This is a motorized solder paste dispenser for soldering SMT boards that was inspired by this thing http://www.thingiverse.com/thing:384680. The home directory of this project is on github here https://github.com/zapta/misc/tree/master/paste_injector and it include hardware and firmware design of a compatible controller board that is Arduino compatible (it looks to the Arduino IDE as an Arduino Pro Mini).
I printed successfully using both PLA and ABS and standard slicing parameters (3 layer shells, 20% infill).
Hints, in assorted order:
- When printing the motor axis coupler, make sure to have your extruder temperature high enough for a good inter layer bonding.
- The step motor listed in the BOM is available on eBay from many sellers. They typically come with a ULN2003 driver PCB which is not needed here.
- When mounting the coupler on the motor, try to minimize the free play along the motor axis. I used a a sharp knife to pull out the motor axis while pushing the coupler toward the motor before tightening the coupler screws.
- You can insert the threaded inserts using any standard solder iron that fit into their holes. Preferably you will get tapered inserts similar to the ones specified in the BOM. If not, tapper them using a file or a Dremel tool. This is especially important for the insert that goes into the plunger rod. Otherwise, the internal hole hole will get clogged and the M4 threaded rod will not fit in.
- When inserting the threaded inserts, don’t push them too hard, let the heat do most of the work. This will result in better adhesion.
- I programed the controller board using an AVRISP MKII but you can use whatever works for you. Github has the binary image file that include the Arduino bootloader and a script that programs the AVR fuses.

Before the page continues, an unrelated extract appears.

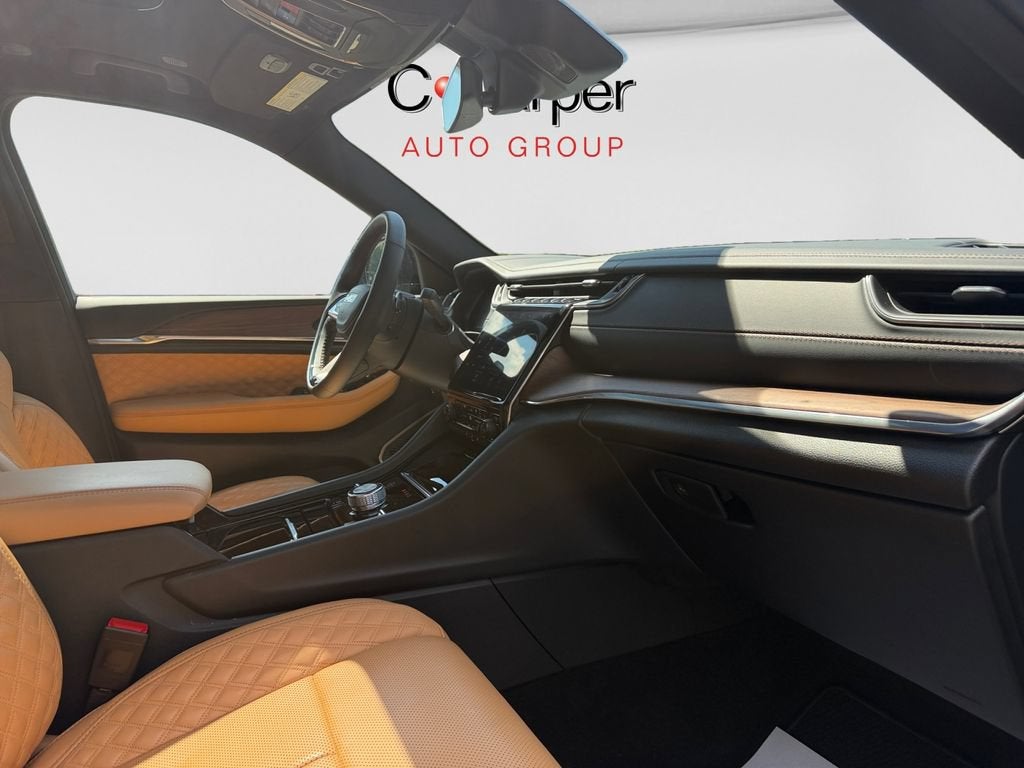 2025 Jeep Grand Cherokee L Summit 4x4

- If you want to hack the firmware of the controller, solder a 6 pin header at the pads marked with FTDI and use an adapter such as FTDI Basic to hock the controller you your computer with the Arduino IDE. If you come with interesting firmware updates (e.g. having the red LED blinks proportionally to the speed), send me pull requests on github.

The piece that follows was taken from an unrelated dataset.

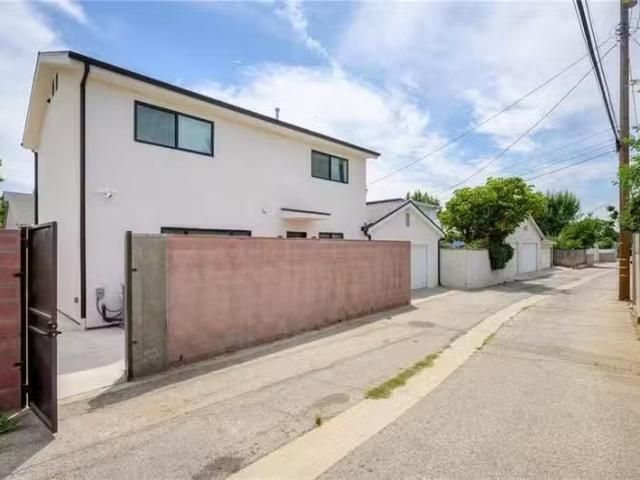 Condo for rent in North Hollywood, Granada Hills North Neighborhood Council District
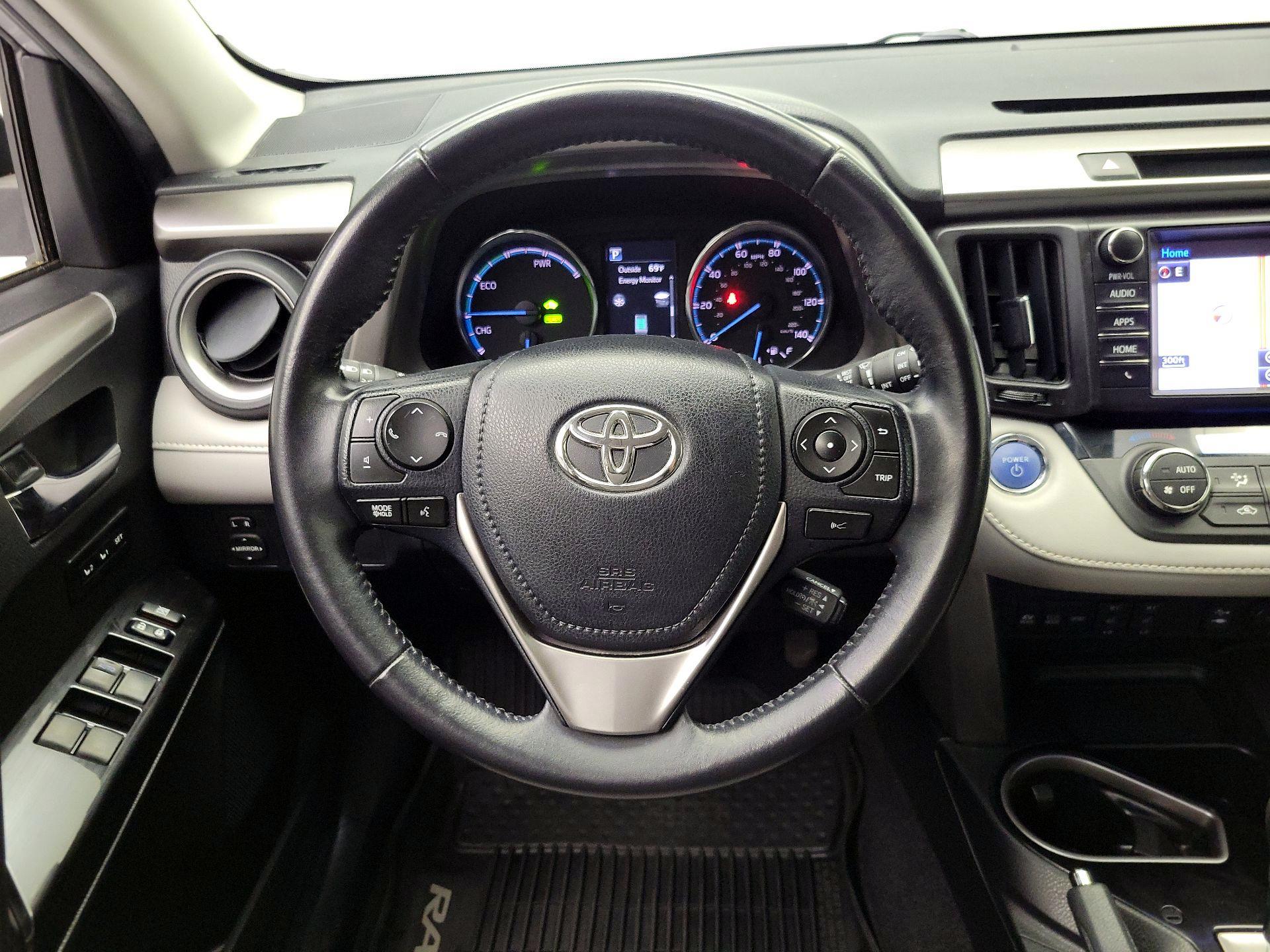 Thumbnail: 2017 Toyota RAV4 - 10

- Use thin and sticky solder paste. For example Chip Quik T5. If the solder paste doesn’t stick well to the PCB, dilute it as needed with IPA.
- Avoid air bubbles in the syringe. Air bubbles makes the rate flow control more difficult.
- The potentiometer controls the speed of the PRESS button only. I got the best results buy setting it on low and achieving a very slow rate of flow and then touching the PCB pads at a fixed rate to achieve consistent drops. This requires some practice.
- The potentiometer is linear but the firmware does logarithmic mapping to allow very fine control at low speeds.